*** Data for this exercise ***

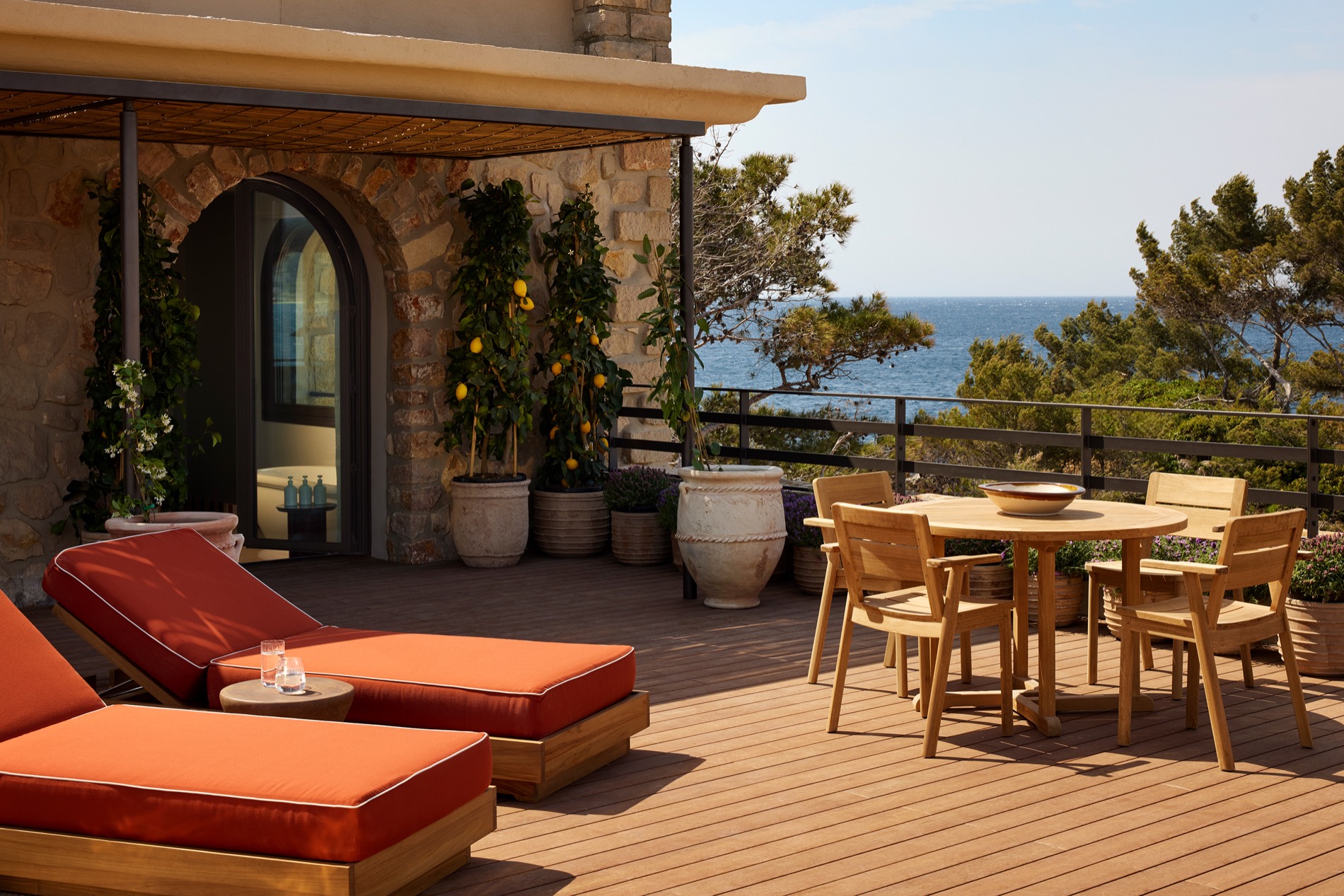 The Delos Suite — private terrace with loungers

*** End of Data for this exercise ***
*** Data for this exercise ***

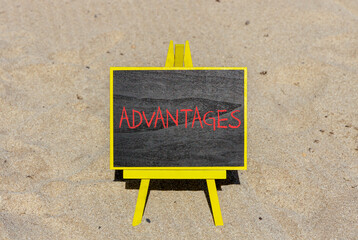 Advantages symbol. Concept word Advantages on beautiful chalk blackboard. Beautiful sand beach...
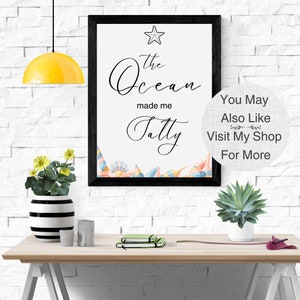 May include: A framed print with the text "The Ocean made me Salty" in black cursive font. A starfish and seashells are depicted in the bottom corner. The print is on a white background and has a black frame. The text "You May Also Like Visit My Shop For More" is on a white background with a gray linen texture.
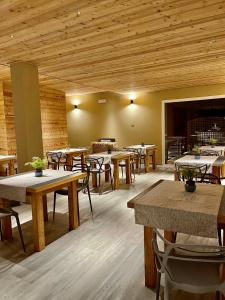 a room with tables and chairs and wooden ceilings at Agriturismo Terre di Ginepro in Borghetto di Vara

*** End of Data for this exercise ***

Look through the listing above for the line with "May include: A" and the line with "a room with". Write out exactly those lines and everything between, leaving out pictures.

__Response for this exercise__
 May include: A framed print with the text "The Ocean made me Salty" in black cursive font. A starfish and seashells are depicted in the bottom corner. The print is on a white background and has a black frame. The text "You May Also Like Visit My Shop For More" is on a white background with a gray linen texture.
 a room with tables and chairs and wooden ceilings at Agriturismo Terre di Ginepro in Borghetto di Vara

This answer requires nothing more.